* _What to work on_: The data below is to be transcribed word for word; pictures are to be excluded.

(Information provided)

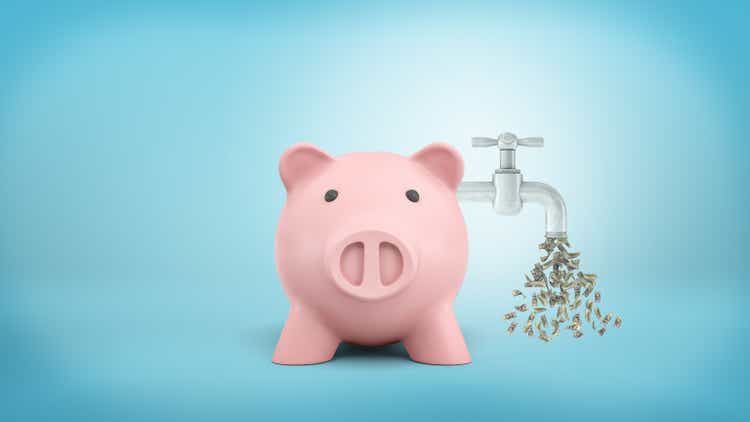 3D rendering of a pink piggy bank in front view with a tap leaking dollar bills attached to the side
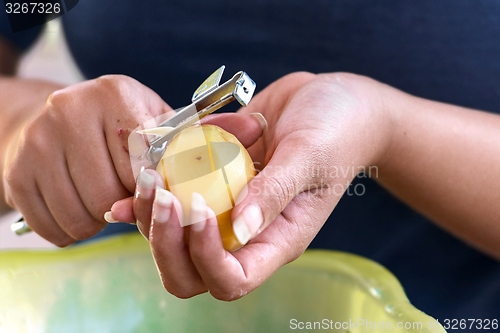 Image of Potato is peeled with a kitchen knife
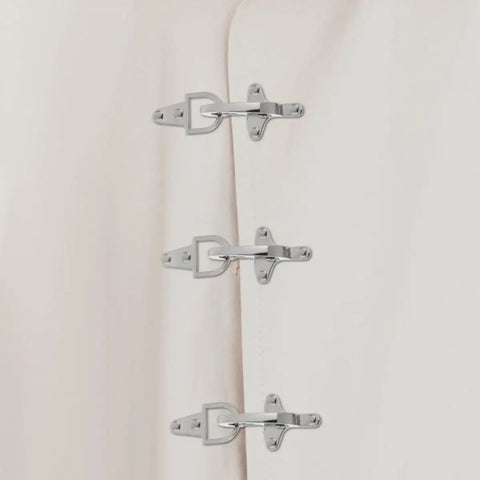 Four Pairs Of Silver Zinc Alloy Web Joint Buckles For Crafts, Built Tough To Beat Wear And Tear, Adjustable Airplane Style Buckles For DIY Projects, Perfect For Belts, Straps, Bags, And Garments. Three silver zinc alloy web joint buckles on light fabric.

(End Information provided)

* _The completed task_:
 3D rendering of a pink piggy bank in front view with a tap leaking dollar bills attached to the side
 Image of Potato is peeled with a kitchen knife
 Four Pairs Of Silver Zinc Alloy Web Joint Buckles For Crafts, Built Tough To Beat Wear And Tear, Adjustable Airplane Style Buckles For DIY Projects, Perfect For Belts, Straps, Bags, And Garments. Three silver zinc alloy web joint buckles on light fabric.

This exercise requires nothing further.